Folic acid supplements reduce risk of giving birth to children with autism

Published on February 13, 2013 at 4:31 AM · No Comments

Women who took folic acid supplements in early pregnancy almost halved the risk of having a child with autism. Beginning to take folic acid supplements later in pregnancy did not reduce the risk. This is shown in new findings from the ABC Study and Norwegian Mother and Child Cohort Study published in the Journal of The American Medical Association (JAMA).

Women who took folic acid supplements from four weeks before conception to eight weeks into pregnancy had a 40 per cent lower risk of giving birth to children with childhood autism (classic autism). Use of folic acid supplements midway through pregnancy (week 22) had no effect.

The findings only apply to a lower risk of childhood autism, the most severe form of autism. The results show no reduction in the risk of atypical or unspecific autism. The study also investigated the prevalence of Asperger syndrome, but the number of examined children was too low to give a reliable result.

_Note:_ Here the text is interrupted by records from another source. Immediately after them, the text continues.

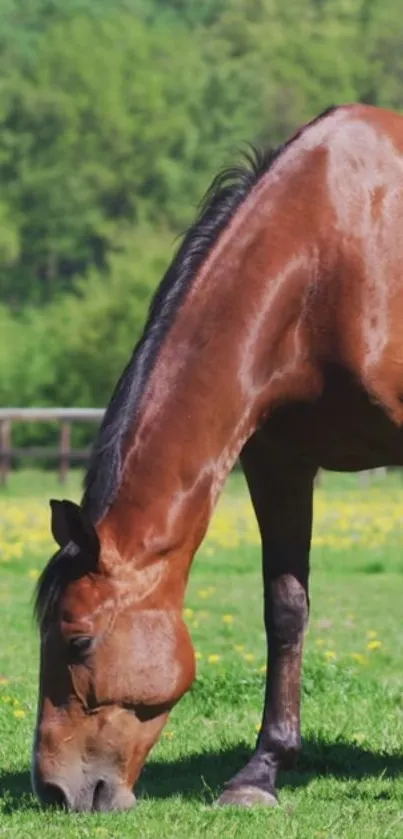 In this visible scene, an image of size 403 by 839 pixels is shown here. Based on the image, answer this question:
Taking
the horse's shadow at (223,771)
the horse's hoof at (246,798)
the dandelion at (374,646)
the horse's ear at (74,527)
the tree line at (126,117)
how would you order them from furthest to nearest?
1. the tree line at (126,117)
2. the dandelion at (374,646)
3. the horse's shadow at (223,771)
4. the horse's hoof at (246,798)
5. the horse's ear at (74,527)

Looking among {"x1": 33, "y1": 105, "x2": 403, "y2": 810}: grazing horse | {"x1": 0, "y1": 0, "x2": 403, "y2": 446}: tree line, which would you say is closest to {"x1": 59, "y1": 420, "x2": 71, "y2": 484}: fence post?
{"x1": 33, "y1": 105, "x2": 403, "y2": 810}: grazing horse

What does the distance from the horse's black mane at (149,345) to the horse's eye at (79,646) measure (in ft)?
0.49

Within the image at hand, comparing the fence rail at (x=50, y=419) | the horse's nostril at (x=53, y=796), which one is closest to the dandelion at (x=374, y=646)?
the horse's nostril at (x=53, y=796)

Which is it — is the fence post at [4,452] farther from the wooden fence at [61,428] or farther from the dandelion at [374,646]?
the dandelion at [374,646]

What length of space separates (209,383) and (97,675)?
1026 mm

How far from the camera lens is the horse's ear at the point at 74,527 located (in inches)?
199

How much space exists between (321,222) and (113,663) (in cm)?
164

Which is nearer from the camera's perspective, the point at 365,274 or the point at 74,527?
the point at 74,527

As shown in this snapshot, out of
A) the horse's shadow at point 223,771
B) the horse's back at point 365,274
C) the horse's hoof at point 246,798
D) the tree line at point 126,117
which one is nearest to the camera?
the horse's back at point 365,274

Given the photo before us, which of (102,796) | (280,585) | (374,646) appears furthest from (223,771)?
(374,646)

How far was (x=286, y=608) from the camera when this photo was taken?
6352mm

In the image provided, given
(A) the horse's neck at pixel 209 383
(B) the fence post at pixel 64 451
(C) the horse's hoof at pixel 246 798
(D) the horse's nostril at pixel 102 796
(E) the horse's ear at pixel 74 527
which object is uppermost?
(B) the fence post at pixel 64 451

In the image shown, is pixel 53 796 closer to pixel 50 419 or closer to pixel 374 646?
pixel 374 646

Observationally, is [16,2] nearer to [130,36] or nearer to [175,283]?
[130,36] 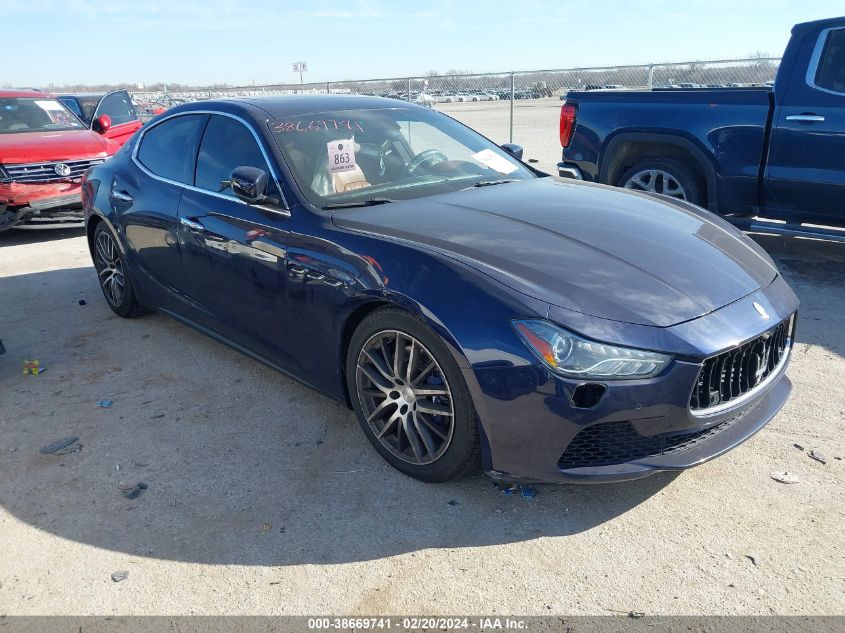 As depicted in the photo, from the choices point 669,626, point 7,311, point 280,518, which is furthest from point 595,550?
point 7,311

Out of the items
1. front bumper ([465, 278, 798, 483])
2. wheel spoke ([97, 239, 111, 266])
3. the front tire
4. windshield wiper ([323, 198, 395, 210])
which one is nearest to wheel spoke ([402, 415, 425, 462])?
the front tire

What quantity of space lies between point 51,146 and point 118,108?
133 inches

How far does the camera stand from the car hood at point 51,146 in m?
8.28

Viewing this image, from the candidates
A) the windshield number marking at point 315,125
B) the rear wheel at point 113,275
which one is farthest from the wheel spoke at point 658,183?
the rear wheel at point 113,275

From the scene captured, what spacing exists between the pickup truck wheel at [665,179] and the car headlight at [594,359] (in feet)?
13.8

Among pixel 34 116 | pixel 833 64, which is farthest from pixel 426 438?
pixel 34 116

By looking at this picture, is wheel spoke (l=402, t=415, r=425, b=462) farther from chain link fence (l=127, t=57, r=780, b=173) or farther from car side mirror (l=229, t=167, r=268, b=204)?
chain link fence (l=127, t=57, r=780, b=173)

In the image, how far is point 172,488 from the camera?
3.14m

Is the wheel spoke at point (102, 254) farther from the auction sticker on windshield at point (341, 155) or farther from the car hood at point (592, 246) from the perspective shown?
the car hood at point (592, 246)

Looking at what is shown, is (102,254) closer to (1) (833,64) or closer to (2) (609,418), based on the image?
(2) (609,418)

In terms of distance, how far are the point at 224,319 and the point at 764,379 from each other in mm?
2860

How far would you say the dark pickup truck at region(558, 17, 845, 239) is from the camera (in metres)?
5.55

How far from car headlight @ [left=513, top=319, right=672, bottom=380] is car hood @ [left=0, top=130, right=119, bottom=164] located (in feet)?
26.5

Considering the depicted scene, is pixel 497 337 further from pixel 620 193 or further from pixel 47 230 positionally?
pixel 47 230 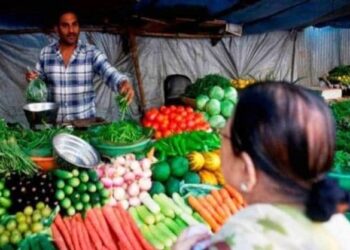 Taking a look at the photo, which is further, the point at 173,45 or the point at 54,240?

Food and other supplements did not reduce risk

The researchers found no connection between childhood autism and intake of other supplements during pregnancy. They also found no correlation with maternal intake of folate through food.

"It appears that the reduced risk of childhood autism only reflects folic acid supplements, not food or other supplements, and that the crucial time interval is from four weeks before conception to eight weeks into pregnancy," says Dr P-l Sur-n, primary author of the paper and researcher at the Norwegian Institute of Public Health.

Clear results that pave the way for further research

The results show an association between the use of folic acid supplements in the mother during pregnancy and a reduced risk of childhood autism.

"The study does not prove that folic acid supplements can prevent childhood autism. However, the findings are so apparent that they constitute a good argument to further examine possible causal mechanisms. It should also be ascertained whether folic acid is associated with a reduced risk of other brain disorders in children," says Sur-n.

Emphasises the importance of folic acid supplements

The results support the Norwegian Directorate of Health's recommendations for folic acid supplements during pregnancy and emphasise the importance of starting early -- preferably before conception.

Method

The ABC Study included participants in the Norwegian Mother and Child Cohort Study (MoBa) who were born in 2002-2008, and included a total of 85,176 children. The mothers had given detailed information about their diet and the use of supplements in early pregnancy. Children with autism diagnoses in MoBa were identified through questionnaires, referrals from parents and health personnel and through links to the Norwegian Patient Register. When the analyses were done, 270 children with autism diagnoses were identified in the study population. Of these children, 114 children had autism, 56 had Asperger syndrome and 100 had atypical or unspecified autism.

The use of folic acid supplements in early pregnancy increased sharply from 2002 to 2008 among women who participated in the Norwegian Mother and Child Cohort Study. 43 per cent of mothers took folic acid supplements in 2002, while the percentage had risen to 85 per cent in 2008. However, many women began later than is desirable; only half of women who took folic acid supplements had begun before conception.